1. Showcase of my best blog questions/ comments
My Best Post: My Flag on the Moon
My Best Comment: Response to Anky’s Hackers of Pittsburgh
My Next Best Post: Back in the Good Ol’ Days
2. Reflection on my blog posts and writing about “making” online
The areas I wished to improve identified in My Midterm Blog Portfolio included developing deeper, more analytical questions in my posts and using the wealth of media that can be found on the web. After analyzing my selected posts, I feel that I have improved in both areas. In the post Back in the Good Ol’ Days, the question I pose about the effect that the Internet had on the Internet. This question requires more than a simple yes or no, to properly answer it one needs to analyze both how the Internet reduces workload, and how dependent people are on it. Also, in all of my posts after the Midterm Portfolio, I included at least a picture to either symbolize the major theme behind my post or to attract my peers into reading what I wrote.

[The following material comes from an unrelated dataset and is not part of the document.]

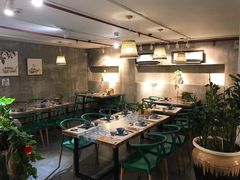 大堂-禧和源养生素食茶馆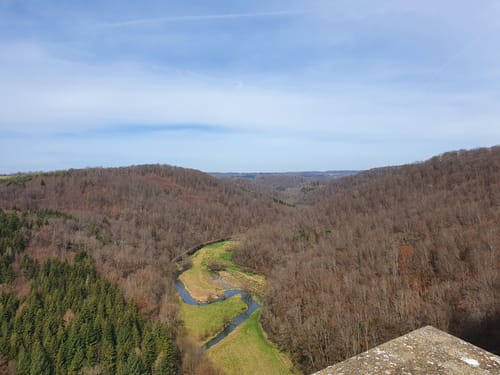 Burgfelsenpfad (Traumtour)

On top of improving in the areas I set out to achieve, there are some things I believe I do well in general. For example, after reading my own posts I feel that my tone got across well.
In My Flag on the Moon, I believe my tone was filled with pride and excitement adding to the meaning I was trying to get across in my post. I believe tone has always been important, especially after analyzing James Fallows and feeling his tone “drip from the pages.”

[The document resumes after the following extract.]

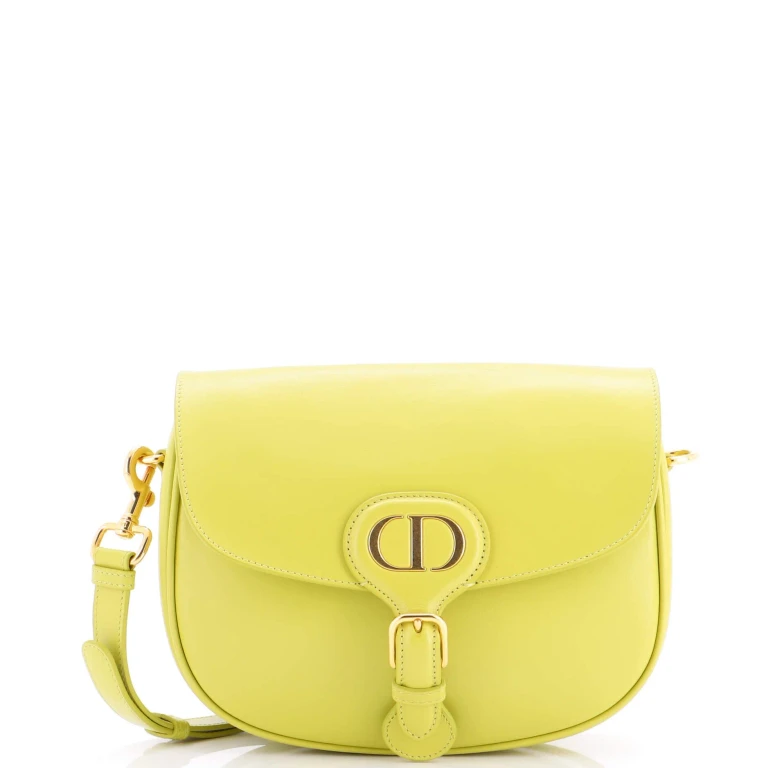 Bobby Flap Bag Leather Medium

An area still slacking in my blogging work is commenting on my peers’ posts. I find them to be a bit dry, like telling too much of a story and not enough analysis. If required to continue to blog, this would be my major point of concern. You (Dr. Vee) stressed at the beginning of the semester that the blog should flow, the comments on a post do not always have to linearly stem from the post. I did not do the best job of building on to the post, similar to how my writing was at the beginning of the year, very “linear” with no argument being built throughout.

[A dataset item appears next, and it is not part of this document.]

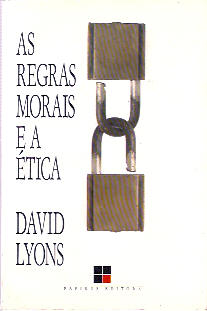 As Regras Morais E A Etica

After going on boingboing.net, I found a fitting post for this
assignment titled the Sunset of a Blog. The post focused on the end of a man’s blog, after the niche it once filled was no longer present. Glenn Fleishman’s blog was based on Wi-Fi hotspots, a new and exciting idea a short ten years ago. The creator of the blog wrote about how his blog once affected those involved in the computer industry. By being able to freely access his blog, people in the technology industry were influenced to continue to make. To give an example, Gizmodo– a well-known gadget site– was created after its makers read Fleishman’s blog and thought that they should do something like this, but with gadgets. It is this power of online communication– the power to quickly spawn new ideas– that fuels the maker community. I believe that the maker community is reliant on the online availability of ideas, to make new and innovative things
I believe my blog can be seen as an analogous to the work of a maker. Our class time discussions or assigned materials to read are the available, accessible, and common work makers rely on. In my blogs I attempted to put my own spin on the material, interpreting or looking at it from a different direction similar to how a maker will hack a old item to make a new one . Over time, I also learned how to effectively state my ideas online. In the beginning my posts were boring paragraphs, I simply did not know what I was doing. Here at the end of my blogging experience for this class, I feel that I have become a much better online communicator by utilizing different media sources and new writing styles.